Sajian dari Beragam Pasar Kuliner
Siapa yang tak suka berwisata sambil menikmati sajian makanan khas. Di Indonesia, pusatnya ada di Banyuwangi.
SUASANA malam Minggu di kawasan Jalan Bangka, Kelurahan Lateng, Kabupaten Banyuwangi, begitu meriah. Banyak orang lalu-lalang untuk mencari dan menikmati sajian kuliner khas Timur Tengah di lapak-lapak yang berjejer di pinggir jalan. Di sana, setiap malam Minggu, ada pasar wisata kuliner yang sayang kalau dilewatkan. Namanya Arabian Street Food (Arasfo).
Arasfo sudah diresmikan oleh Bupati Banyuwangi Abdullah Azwar Anas pada 31 Oktober 2019. Keberadaannya melengkapi pasar wisata khusus tiap pekan yang digagas Pemerintah Kabupaten Banyuwangi. Awalnya aktivitas Arasfo digelar setiap Kamis malam tapi kemudian diubah jadi Sabtu malam dimulai pukul 16.00 - 22.00.
“Setelah ada masukan dari para tokoh di Lateng, jadwal yang semula Kamis diganti Sabtu, sebab kalo Kamis malam itu saatnya orang tahlilan,” ujar Bupati Banyuwangi Azwar Anas saat membuka Festival Pasar Wisata Kuliner di arena Arabian Street Food, Banyuwangi, 29 Februari 2020.
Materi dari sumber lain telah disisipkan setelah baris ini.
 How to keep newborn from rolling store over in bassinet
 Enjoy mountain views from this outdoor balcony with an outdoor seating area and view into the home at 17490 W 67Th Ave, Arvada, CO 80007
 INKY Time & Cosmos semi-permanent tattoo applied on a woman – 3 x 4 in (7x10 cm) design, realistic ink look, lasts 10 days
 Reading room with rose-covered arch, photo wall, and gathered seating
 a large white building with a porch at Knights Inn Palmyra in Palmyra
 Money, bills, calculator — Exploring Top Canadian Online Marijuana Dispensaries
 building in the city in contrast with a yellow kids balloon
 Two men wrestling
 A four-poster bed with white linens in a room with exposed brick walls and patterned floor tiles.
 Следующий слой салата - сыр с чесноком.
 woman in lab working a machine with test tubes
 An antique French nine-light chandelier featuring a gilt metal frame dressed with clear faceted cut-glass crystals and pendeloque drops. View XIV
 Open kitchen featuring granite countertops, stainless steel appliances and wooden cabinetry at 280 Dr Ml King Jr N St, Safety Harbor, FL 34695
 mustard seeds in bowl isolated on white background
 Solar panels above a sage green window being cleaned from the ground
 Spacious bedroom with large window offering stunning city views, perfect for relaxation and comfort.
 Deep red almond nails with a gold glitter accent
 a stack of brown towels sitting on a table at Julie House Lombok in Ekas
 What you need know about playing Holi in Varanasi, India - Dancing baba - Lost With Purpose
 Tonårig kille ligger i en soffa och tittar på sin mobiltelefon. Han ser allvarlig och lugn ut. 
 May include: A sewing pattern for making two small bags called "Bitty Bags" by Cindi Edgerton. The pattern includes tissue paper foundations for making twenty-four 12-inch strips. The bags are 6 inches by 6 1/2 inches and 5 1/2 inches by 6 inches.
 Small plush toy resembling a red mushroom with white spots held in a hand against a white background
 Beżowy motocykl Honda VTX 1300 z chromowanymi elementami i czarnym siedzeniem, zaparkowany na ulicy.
Ada beragam sajian khas Timur Tengah yang disajikan dalam acara Arasfo. Ada makanan berat seperti nasi kebuli, mandhi, briyani hingga kambing guling. Ada kudapan seperti khamir, roti maryam, shawarma hingga kebab. Ada juga minuman macam kopi Arab, kopi Turki, naknak, pokak hingga aneka teh.
Siapa tak tergiur. Di Arasfo terdapat 126 menu hidangan ala padang pasir yang terbagi dalam 29 lapak. Para penjajanya, khususnya laki-laki, memakai jubah dan sorban. Menariknya lagi, pengunjung juga bisa menikmati musik dan tarian gurun pasir atau belanja beragam kosmetik. Benar-benar semarak.
Acara Arasfo digelar di Lateng bukan tanpa alasan. Sejak dulu Lateng merupakan permukiman orang-orang Arab sehingga lebih dikenal orang sebagai Kampung Arab.
Penyerbukan Kuliner
Terbentuknya komunitas Arab punya akar sejarah yang panjang. Pada abad ke-18, Tanah Jawa dibanjiri imigran Hadramaut (sebuah provinsi di Yaman), Hijaz, dan Mesir. Selain berdakwah, mereka mencari peruntungan dengan berdagang di kota-kota pelabuhan seperti Batavia, Banten, Cirebon, Surabaya, Pekalongan, dan Semarang. Lambat-laun, mereka menyebar ke wilayah-wilayah lainnya.
“Maka, sejak itu, muncullah kampung-kampung Arab lengkap dengan tradisi, budaya, dan kuliner khas mereka” tulis L.W.C van den Berg dalam Orang Arab di Nusantara.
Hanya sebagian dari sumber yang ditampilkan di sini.